# Vacuum energy density after spontaneous symmetry breaking

• A
• Geonaut
In summary, the conversation discusses the Lagrangian and scalar field in an interacting theory, and the calculation of vacuum energy density using Noether's theorem. The issue of divergent vacuum energy density and its relation to gravity is brought up, and the solution of using a constant counter term in the Lagrangian to renormalize the divergent term is mentioned. The potential problem of fine tuning in this approach is also mentioned.

#### Geonaut

TL;DR Summary
My question is in regards to a calculation for the vacuum energy density for an interacting theory that's described in the post. I found what appears to be my first encounter with a divergent term that I haven't considered before.

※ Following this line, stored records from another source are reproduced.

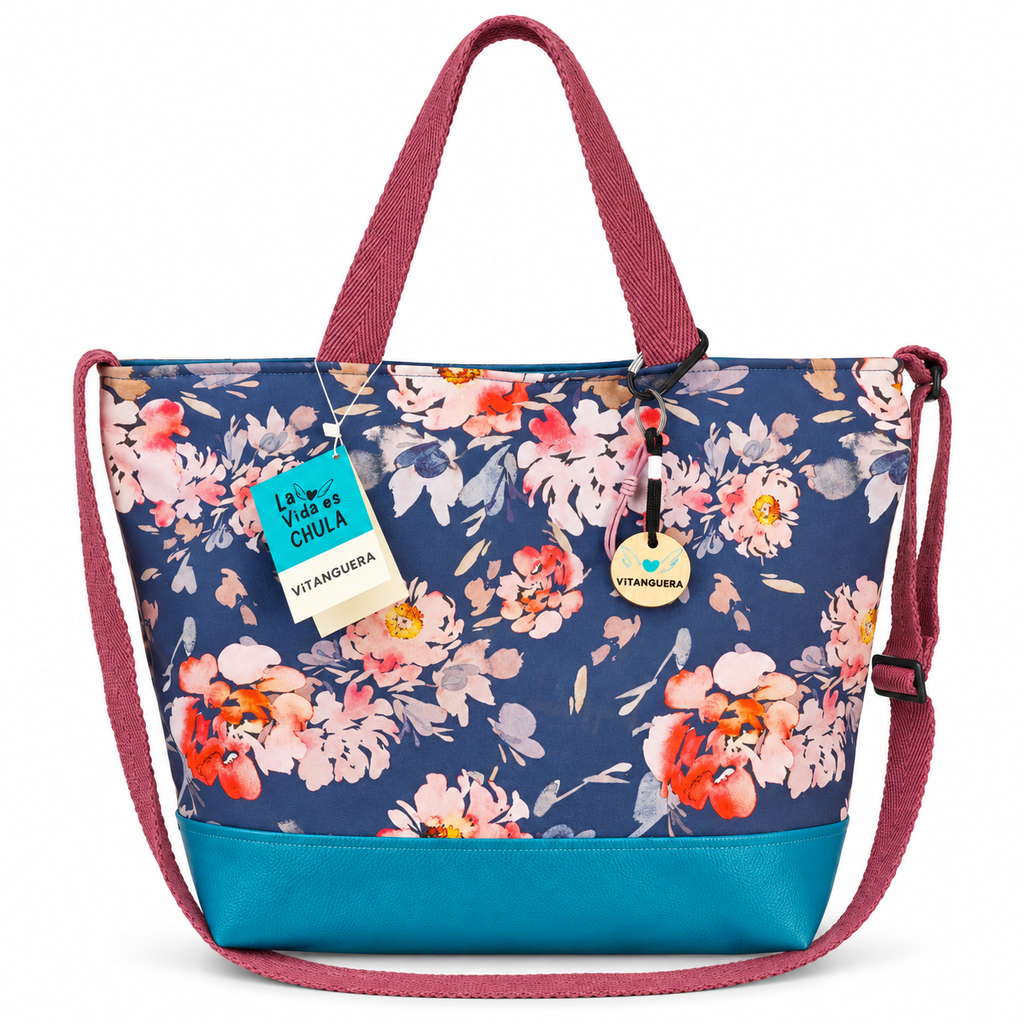 Bolso Alma «Neopreno flor marino y polipiel lisa océano»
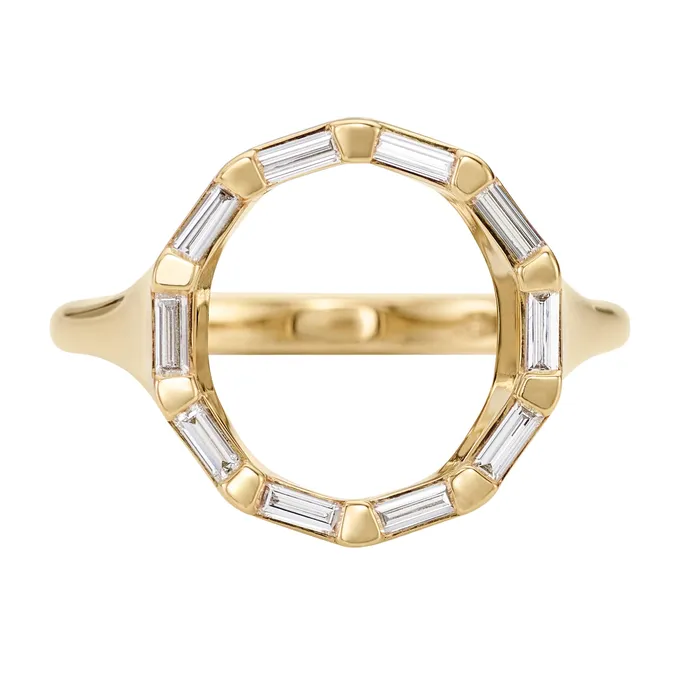 Rings ARTEMER Baguette Diamond and Gold Circle Statement Ring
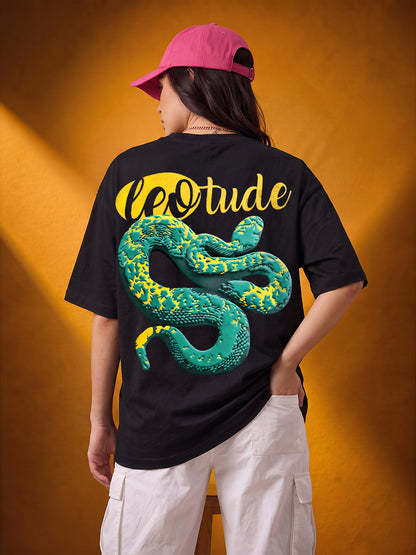 Leotude Women's Black Snake Premium Puff Print T-Shirt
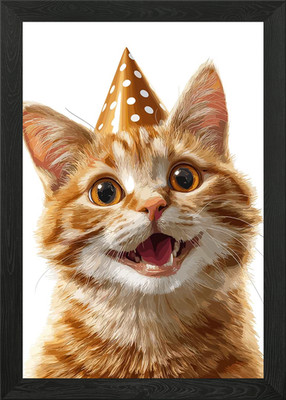 Happy Birthday Katze mit Partyhut gerahmt Wandbild Poster Leinwanddruck Bild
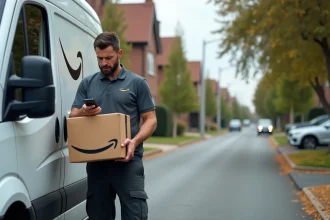 Livreur Amazon Flex indépendant scannant un colis devant son fourgon blanc dans une rue résidentielle calme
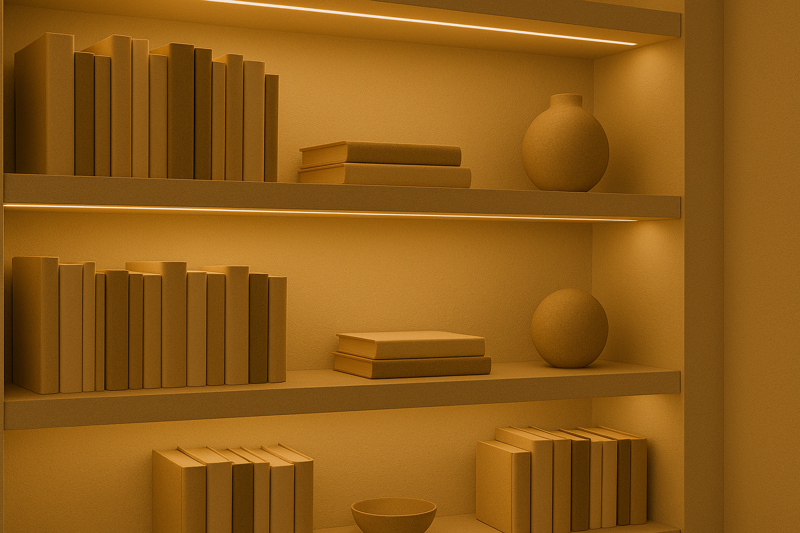 A close-up of a built-in bookshelf where each shelf has a hidden LED strip at the front, casting light down and back to perfectly illuminate the books and objects.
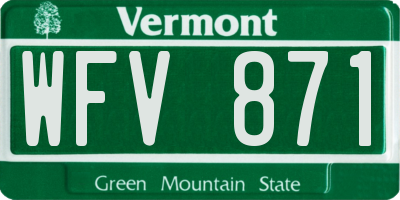 VT license plate WFV871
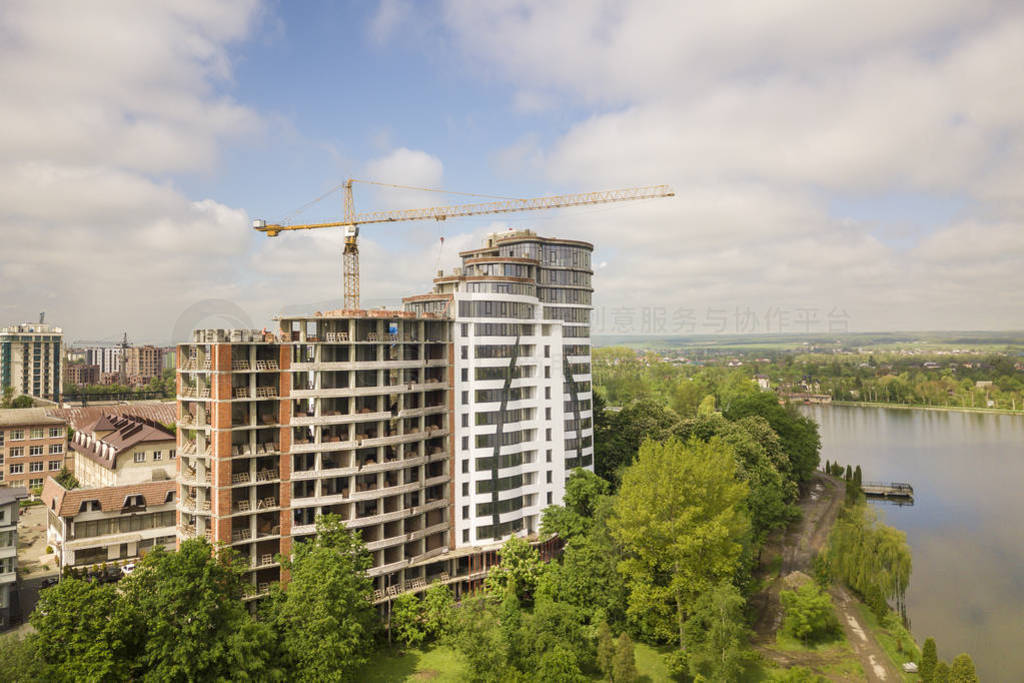 Apartment or office tall building unfinished under construction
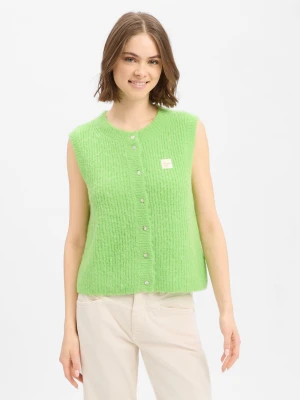 american vintage Damska kamizelka z dzianiny z zawartością alpaki - East Kobiety zielony,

$$\begin{split} \mathcal{L} = & \frac{1}{2}(\partial_\mu \phi)^2 + \frac{1}{2}\mu^2 \phi^2 - \frac{1}{4}\lambda^2 \phi^4\\ \end{split}$$

and give the scalar field a VEV so that we can define the field ##\eta##, where

$$\eta = \phi \pm \frac{\mu}{\lambda}$$

then we have:

$$\begin{split} \mathcal{L} = & \frac{1}{2}(\partial_\mu \eta)^2 \pm \frac{\mu^3}{\lambda}\eta \mp \frac{\mu^3}{\lambda}\eta + \frac{1}{2}\mu^2\eta^2 - \frac{3}{2}\mu^2\eta^2\\ & \mp \mu \lambda \eta^3 - \frac{1}{4} \lambda^2 \eta^4 + \frac{1}{2}\frac{\mu^4}{\lambda^2} - \frac{1}{4}\frac{\mu^4}{\lambda^2} \\ = & \frac{1}{2}(\partial_\mu \eta)^2 - \mu^2\eta^2 \mp \mu \lambda \eta^3 - \frac{1}{4} \lambda^2 \eta^4 +\frac{1}{4}\frac{\mu^4}{\lambda^2}. \end{split}$$

Using Noether's theorem I find

$$\begin{split} H = & \frac{1}{2}(\partial_0 \eta)^2 + \frac{1}{2}(\bigtriangledown\eta)^2 + \mu^2\eta^2 \pm \mu \lambda \eta^3 + \frac{1}{4} \lambda^2 \eta^4 -\frac{1}{4}\frac{\mu^4}{\lambda^2}. \end{split}$$

So to find the vacuum energy density I calculate ## <\Omega| H |\Omega>##, where ##|\Omega>## is the ground state in this interacting theory, but I noticed something that I haven't considered before, namely, the term

<\Omega|\frac{1}{4} \lambda^2 \eta^4 |\Omega>= \frac{1}{4} \lambda^2 \frac{(4\pi)^2}{(2\pi)^6}\int_0^\infty dp \frac{p^2}{2 \sqrt{p^2 + m^2}} \int_0^\infty dq \frac{q^2}{2 \sqrt{q^2 + m^2}}.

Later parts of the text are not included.